Welcome back!
Dear Readers,
After looking more closely in the last issue at the leadership principles Barack Obama used to win his election in the USA and at what you can learn from them for your day-to-day business, today I would like together with you to look at another important leadership principle you need not only need for “self-management” but also in order to help your subordinates develop from level 3 to level 4. Without understanding this principle it will be very difficult for you to lead a colleague from the third level onto the fourth level of development So that you understand the significance of the precept, I will have to give a bit of background information and briefly explain the concept of responsibility. Therefore I will begin with a question that may appear unusual:
“Why is an orange far in advance of most managers?”

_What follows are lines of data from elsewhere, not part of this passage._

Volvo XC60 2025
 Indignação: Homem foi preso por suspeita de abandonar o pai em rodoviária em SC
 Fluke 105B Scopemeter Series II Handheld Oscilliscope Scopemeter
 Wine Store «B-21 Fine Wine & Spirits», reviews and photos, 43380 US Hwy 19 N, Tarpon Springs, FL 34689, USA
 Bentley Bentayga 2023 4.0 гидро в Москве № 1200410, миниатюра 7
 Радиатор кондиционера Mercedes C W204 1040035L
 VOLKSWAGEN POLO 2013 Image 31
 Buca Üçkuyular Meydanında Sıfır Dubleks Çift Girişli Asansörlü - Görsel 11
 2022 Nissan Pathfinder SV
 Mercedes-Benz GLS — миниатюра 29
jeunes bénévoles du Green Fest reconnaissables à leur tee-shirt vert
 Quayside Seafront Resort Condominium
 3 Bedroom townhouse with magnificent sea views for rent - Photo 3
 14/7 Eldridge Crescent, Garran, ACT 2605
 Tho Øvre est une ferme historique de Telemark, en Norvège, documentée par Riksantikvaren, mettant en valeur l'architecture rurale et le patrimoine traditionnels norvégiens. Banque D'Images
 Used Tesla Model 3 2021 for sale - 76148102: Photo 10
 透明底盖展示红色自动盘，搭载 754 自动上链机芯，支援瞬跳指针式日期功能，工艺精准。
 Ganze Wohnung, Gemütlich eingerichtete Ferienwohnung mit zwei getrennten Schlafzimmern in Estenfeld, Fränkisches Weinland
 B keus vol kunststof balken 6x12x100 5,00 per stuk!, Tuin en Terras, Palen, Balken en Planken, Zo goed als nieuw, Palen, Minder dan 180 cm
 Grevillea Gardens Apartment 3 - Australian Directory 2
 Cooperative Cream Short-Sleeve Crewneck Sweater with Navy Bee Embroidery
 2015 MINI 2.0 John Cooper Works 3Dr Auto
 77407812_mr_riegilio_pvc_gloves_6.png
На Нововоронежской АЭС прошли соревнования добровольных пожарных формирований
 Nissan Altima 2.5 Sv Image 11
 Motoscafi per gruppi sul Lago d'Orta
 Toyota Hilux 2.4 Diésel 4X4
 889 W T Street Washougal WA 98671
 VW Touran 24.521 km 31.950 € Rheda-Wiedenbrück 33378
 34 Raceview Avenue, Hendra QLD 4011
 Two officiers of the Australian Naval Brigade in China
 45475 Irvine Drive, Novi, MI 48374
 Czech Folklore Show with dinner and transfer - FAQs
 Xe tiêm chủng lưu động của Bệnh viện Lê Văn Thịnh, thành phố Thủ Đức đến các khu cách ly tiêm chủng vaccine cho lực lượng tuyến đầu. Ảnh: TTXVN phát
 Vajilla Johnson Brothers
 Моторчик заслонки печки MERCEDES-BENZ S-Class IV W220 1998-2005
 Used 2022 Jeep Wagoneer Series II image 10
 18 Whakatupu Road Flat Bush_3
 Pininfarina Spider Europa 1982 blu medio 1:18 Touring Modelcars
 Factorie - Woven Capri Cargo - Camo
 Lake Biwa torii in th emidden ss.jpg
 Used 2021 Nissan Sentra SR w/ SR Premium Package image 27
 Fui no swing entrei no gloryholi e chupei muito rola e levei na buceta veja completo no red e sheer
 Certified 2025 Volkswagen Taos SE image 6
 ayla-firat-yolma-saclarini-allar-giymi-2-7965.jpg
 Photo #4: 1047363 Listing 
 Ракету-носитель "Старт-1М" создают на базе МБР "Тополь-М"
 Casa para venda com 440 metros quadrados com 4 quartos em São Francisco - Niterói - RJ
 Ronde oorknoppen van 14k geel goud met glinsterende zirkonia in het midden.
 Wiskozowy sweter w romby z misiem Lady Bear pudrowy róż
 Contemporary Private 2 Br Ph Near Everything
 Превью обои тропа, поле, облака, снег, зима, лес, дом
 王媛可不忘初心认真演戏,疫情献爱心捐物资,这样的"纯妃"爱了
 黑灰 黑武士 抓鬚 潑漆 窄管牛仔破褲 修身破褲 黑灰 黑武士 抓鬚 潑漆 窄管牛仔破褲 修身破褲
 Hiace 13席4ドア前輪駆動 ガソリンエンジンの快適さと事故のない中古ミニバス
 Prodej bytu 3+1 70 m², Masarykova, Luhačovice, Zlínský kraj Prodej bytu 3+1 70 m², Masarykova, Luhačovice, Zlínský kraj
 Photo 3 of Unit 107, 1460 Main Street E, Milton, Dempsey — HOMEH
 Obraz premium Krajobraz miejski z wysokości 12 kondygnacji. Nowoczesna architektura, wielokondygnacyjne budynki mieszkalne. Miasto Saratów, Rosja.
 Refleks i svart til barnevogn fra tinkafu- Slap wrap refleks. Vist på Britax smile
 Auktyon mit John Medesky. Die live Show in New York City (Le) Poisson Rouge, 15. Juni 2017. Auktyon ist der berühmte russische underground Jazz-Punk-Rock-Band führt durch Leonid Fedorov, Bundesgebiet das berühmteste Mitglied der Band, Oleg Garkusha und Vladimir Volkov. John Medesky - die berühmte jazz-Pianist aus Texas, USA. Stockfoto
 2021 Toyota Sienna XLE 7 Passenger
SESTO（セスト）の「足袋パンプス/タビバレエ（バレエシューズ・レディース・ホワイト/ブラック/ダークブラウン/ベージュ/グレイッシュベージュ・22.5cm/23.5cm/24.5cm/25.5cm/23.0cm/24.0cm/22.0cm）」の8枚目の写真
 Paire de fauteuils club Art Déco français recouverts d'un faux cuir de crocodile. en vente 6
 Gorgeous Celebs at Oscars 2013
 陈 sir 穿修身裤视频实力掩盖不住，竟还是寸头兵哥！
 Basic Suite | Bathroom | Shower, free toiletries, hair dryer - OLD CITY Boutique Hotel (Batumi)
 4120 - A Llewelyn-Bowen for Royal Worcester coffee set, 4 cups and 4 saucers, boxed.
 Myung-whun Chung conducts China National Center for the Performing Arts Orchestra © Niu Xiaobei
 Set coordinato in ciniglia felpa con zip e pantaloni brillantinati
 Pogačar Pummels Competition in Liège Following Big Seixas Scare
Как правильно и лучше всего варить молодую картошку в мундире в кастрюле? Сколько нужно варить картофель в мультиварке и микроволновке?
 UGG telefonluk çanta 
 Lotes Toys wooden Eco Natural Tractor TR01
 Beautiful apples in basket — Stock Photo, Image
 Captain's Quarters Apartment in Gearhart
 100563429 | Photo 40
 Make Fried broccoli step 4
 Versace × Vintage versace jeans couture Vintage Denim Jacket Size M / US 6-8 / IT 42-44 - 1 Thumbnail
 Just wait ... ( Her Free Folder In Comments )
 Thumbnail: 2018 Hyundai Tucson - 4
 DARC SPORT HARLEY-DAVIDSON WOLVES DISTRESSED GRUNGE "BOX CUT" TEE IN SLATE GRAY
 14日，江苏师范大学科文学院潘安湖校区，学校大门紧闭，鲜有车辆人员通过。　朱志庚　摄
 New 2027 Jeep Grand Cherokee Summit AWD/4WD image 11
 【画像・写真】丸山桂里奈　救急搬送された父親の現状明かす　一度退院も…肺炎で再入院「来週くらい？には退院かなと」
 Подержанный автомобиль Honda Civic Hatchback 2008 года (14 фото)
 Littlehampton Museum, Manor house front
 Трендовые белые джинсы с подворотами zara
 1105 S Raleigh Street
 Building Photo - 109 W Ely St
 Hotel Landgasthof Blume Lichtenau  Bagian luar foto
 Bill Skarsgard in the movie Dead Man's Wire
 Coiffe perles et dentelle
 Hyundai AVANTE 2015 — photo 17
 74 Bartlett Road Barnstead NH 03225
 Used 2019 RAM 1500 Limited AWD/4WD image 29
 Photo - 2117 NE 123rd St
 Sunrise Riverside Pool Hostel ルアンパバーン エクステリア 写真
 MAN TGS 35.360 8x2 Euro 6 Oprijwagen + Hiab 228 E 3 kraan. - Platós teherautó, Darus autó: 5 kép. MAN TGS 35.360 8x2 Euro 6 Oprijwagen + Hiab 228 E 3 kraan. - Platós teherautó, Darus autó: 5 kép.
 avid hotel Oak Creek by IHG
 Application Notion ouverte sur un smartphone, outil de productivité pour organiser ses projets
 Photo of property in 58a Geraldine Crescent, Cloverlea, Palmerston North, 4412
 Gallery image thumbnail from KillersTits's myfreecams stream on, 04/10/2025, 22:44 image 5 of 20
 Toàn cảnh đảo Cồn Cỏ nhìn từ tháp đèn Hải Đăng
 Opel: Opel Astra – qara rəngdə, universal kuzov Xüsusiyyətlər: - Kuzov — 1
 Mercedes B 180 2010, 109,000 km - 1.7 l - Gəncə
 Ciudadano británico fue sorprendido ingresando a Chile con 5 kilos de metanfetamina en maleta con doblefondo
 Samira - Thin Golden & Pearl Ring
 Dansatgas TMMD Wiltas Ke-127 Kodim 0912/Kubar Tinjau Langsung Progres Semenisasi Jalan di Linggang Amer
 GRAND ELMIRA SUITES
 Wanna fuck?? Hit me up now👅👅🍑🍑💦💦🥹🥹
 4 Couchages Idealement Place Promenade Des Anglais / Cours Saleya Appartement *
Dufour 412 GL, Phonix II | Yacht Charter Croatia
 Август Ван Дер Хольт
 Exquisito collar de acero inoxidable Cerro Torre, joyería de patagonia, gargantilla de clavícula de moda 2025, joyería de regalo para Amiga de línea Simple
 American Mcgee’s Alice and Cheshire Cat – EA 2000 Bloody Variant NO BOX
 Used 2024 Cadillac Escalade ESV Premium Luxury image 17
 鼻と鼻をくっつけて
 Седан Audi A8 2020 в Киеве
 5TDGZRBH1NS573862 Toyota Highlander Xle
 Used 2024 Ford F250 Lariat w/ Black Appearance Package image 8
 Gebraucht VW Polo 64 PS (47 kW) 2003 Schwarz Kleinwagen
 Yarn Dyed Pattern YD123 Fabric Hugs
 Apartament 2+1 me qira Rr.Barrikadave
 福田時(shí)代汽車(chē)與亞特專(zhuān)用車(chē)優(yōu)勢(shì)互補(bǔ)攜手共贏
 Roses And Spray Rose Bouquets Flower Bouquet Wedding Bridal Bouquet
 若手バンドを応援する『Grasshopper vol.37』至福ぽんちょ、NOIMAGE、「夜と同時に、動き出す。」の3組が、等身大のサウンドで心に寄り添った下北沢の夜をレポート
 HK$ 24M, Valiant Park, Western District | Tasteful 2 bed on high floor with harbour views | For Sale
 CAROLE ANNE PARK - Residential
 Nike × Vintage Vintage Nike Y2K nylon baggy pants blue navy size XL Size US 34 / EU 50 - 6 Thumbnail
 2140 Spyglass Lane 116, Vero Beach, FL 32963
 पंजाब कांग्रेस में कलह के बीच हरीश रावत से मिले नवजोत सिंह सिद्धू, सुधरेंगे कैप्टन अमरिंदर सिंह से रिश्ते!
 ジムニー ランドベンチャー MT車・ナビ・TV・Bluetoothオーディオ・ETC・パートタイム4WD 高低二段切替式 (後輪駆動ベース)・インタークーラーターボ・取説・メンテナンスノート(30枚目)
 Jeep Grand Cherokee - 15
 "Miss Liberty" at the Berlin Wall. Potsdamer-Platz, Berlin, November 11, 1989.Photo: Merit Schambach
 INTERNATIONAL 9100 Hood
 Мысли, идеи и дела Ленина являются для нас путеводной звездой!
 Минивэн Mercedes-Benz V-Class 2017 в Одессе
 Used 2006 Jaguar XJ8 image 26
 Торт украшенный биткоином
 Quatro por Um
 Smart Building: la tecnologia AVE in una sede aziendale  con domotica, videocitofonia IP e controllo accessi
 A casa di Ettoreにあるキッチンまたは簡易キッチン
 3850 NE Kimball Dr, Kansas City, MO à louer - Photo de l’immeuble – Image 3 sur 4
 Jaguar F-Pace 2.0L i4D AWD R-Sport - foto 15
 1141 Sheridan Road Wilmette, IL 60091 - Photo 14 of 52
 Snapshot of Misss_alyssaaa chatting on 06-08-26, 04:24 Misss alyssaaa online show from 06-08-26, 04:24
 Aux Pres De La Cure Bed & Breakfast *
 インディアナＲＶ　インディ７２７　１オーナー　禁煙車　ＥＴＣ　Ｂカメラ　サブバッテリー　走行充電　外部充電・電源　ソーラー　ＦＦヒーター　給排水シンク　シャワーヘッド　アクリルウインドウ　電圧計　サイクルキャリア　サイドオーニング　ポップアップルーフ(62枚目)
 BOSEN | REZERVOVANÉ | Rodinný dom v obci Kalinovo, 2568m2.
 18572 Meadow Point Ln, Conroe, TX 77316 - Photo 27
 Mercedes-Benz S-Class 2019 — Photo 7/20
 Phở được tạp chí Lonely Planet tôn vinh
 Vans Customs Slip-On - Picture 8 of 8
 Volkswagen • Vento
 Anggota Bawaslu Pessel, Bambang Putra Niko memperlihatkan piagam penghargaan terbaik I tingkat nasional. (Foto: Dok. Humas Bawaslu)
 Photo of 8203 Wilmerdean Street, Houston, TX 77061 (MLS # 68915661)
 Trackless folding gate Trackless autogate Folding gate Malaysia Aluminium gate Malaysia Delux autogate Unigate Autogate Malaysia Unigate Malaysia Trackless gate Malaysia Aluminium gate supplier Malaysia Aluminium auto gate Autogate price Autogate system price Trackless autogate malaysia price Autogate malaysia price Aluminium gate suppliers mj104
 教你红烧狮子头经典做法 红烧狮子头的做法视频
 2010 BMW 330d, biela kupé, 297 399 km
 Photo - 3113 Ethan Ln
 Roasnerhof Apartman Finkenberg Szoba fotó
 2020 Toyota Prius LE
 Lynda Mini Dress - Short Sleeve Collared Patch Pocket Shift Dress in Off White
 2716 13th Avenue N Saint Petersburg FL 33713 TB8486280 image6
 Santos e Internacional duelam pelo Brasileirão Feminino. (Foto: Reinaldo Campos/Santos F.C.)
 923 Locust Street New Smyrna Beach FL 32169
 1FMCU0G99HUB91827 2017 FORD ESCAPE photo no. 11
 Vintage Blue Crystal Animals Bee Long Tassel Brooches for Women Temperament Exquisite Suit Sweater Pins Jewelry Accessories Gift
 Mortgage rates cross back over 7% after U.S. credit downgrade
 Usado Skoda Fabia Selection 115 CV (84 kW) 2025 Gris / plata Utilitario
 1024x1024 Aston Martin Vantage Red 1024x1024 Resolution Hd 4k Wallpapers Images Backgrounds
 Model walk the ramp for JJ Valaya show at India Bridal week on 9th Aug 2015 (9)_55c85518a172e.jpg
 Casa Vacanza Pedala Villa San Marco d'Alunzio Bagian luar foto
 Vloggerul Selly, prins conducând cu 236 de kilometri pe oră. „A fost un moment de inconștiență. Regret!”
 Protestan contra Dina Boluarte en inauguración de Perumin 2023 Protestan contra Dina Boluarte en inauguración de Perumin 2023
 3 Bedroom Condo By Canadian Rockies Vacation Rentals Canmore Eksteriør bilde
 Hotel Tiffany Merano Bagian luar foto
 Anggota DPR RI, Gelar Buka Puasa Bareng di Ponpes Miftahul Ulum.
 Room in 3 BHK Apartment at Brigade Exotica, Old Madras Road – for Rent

You will now say: “Mr. Assis, what kind of question is that?” Now, I can understand why you react in this way – but give yourself the time to think about it for a moment. Let us repeat the question again:
“Why is an orange far in advance of most managers?”
An interesting question, because why should a fruit be in advance of us? Now, I mean in its behavior or its reactions? Any idea?
Let us take a look at what happens when you squeeze an orange. What comes out of the orange? Right! Orange juice. And what happens when you put an orange on the ground and step on it? What comes out of the orange? Right! Orange juice and pulp.
And what happens when you throw an orange with full force against the wall? What comes out of the orange then? Right! Again orange juice.
We could now choose and put forward innumerable examples like this but I think you realize what I am getting at and we can agree to say:
No matter what you do with an orange – orange juice will always come out of it!
Or in other words: “An orange always reacts with what is in it.”
Right? Good! So why is it in advance of most managers?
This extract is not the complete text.